In reading Winston’s article I was wondering where have people been for the past few years and does anyone ever think of looking outside the great interlectural and cultural hub aka Belfast . These engagements have been ongoing in Londonderry since 2013 with the Marching Bands from the Londonderry Bands Forum playing in the All Ireland Fleadh and local playwrite Jonathon Burgess penning work such as The Pride, The Exodus, Crows on the Wire and Divided by History, United by Music etc. etc.

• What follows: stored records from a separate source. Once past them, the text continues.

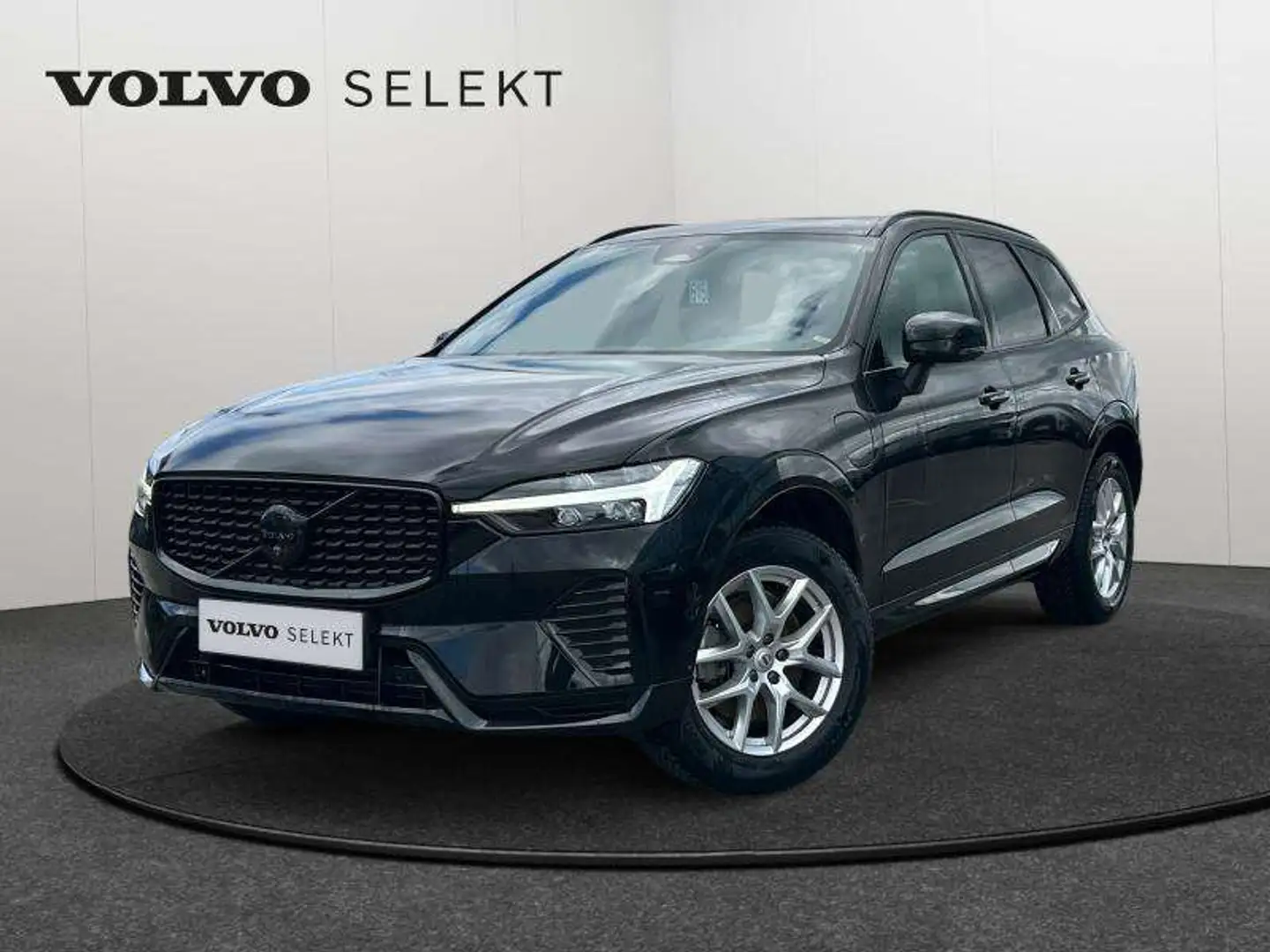 Volvo XC60 T6 Black Edition / Hybride Noir - 1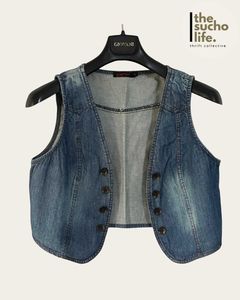 Denim Cardigan For Women | Stylish Size | 36 Inch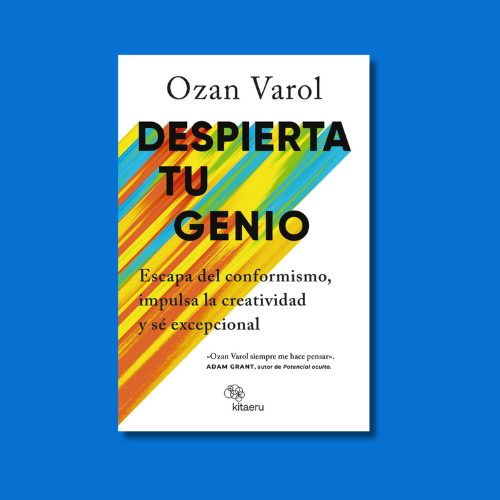 Portada del libro Despierta tu genio de Ozan Varol.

The short sightedness of the Arts Council is seen by people in the North West of NI as a natural progression of the We Ourselves Alone attitude that the capital city residents portray. The political football the Bands Culture are mostly used for has been highlighted in speeches to both the main political parties at their annual conferences by the Londonderry Bands Forum, and they have been slow in picking up the gauntlet to remedy complaints. In fairness it should be pointed out that a light is appearing at the end of a long tunnel, but this could be tempered by the fact that it is politically astute to do this at this time of crisis over language and culture.
Even for some of the contributors and participants of the Traditions and Transitions film the penny has been a long time in dropping. However the fact that it has dropped is to be welcomed and not undermined in any way.
So i would take the time to ask the people who were so impressed in the Belfast Feile and it’s ground breaking work to look to up this way to Londonderry and to consider what we might have achieved on top of our successes if we had the luxury of the Belfast funding.
As for the Arts Council the sooner the whole set up is demolished and revamped in its thinking on Marching Bands I fear that views on ideas and funding on a scale encouraged by Winston will be very slow in coming.
Look online at londonderrybandsforum.com to guage progress and outlook.
A great blog Winston. Delighted that you draw attention to the important role of the arts in bringing people and communities closer together, it’s something the Arts Council advocates continuously. The object of increasing access to the arts for everyone has also been at the heart of Arts Council policy for quite some time now. Our support for arts and community festivals like Feile and Eastside Arts has been constant. If you would like to see some more examples of how the arts are reaching into communities, please take a look at the constituency bulletin on our website – http://www.artscouncil-ni.org/images/uploads/publications-documents/ACNI-digest-2017.pdf
Can you throw any light on Newton Emerson’s post or tweet on the Arts Council, it said (paraphrased) The Arts Council gets £13 million in funding and distribute £10 million to Art and Artists. That means there is a £3 million overhead. It costs £3 million just to give away £10 million.